Every line below from the one with "Irishki Half Irish" through the one with "Tappeto in finta" should be retyped exactly, both ends included; no other lines and no pictures.

## PROVIDED DATA:
--- START ---

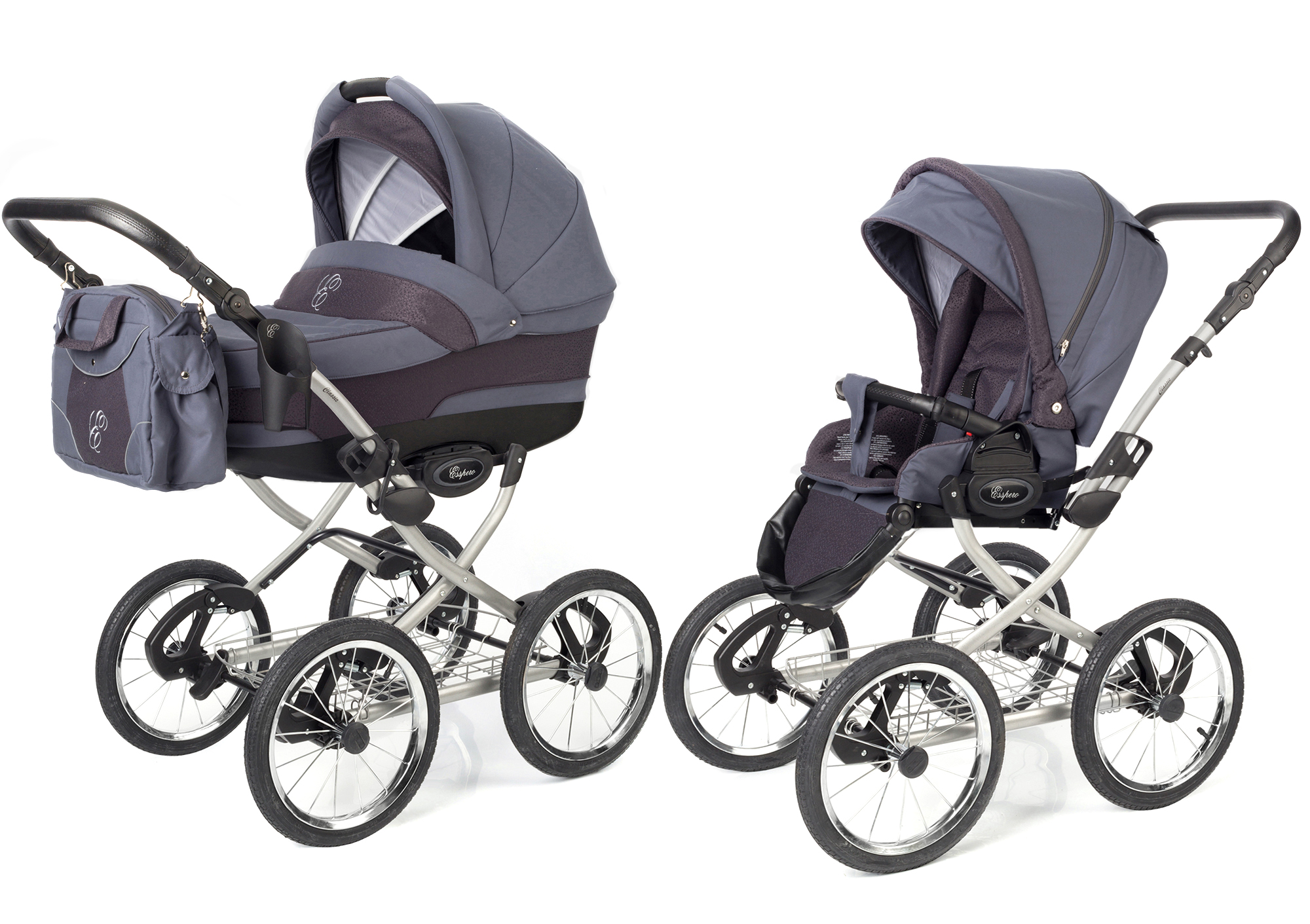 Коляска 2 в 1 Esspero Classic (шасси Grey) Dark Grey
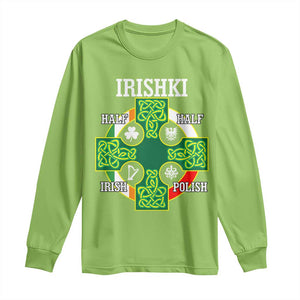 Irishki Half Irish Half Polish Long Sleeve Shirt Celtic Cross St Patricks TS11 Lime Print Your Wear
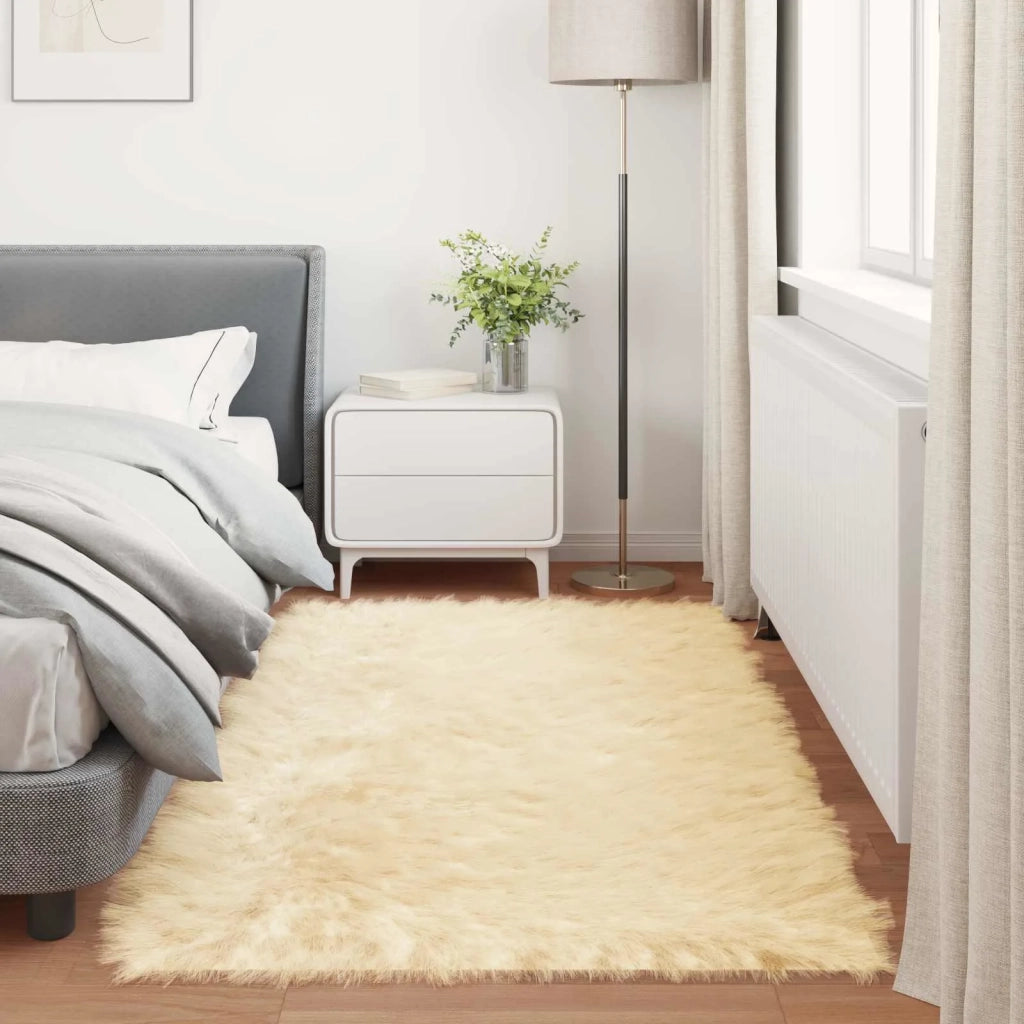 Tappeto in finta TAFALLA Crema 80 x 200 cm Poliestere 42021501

--- END ---
--- START ---

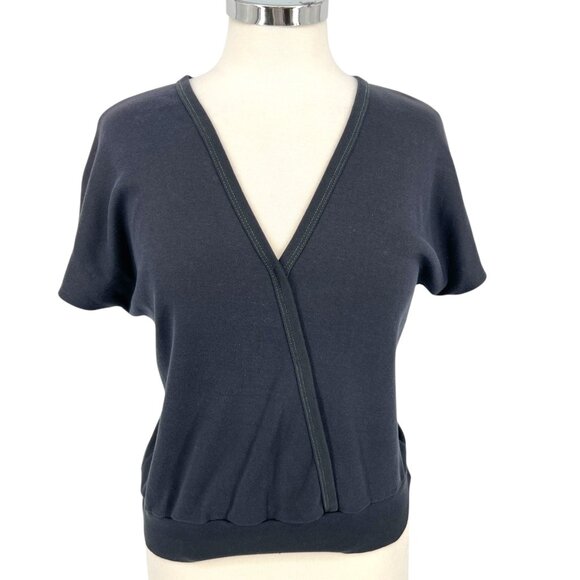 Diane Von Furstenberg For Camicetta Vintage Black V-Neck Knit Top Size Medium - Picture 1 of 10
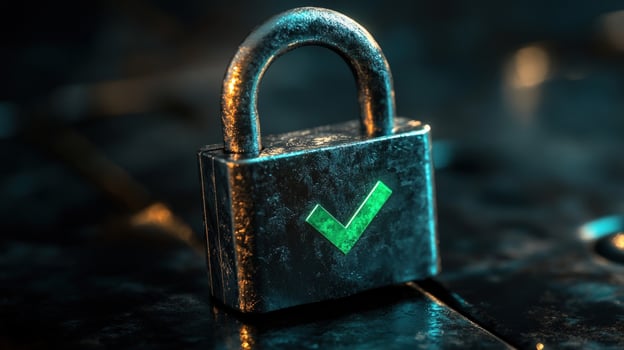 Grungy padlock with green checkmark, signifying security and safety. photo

--- END ---

## SOLUTION TO THE EXERCISE:
 Irishki Half Irish Half Polish Long Sleeve Shirt Celtic Cross St Patricks TS11 Lime Print Your Wear
 Tappeto in finta TAFALLA Crema 80 x 200 cm Poliestere 42021501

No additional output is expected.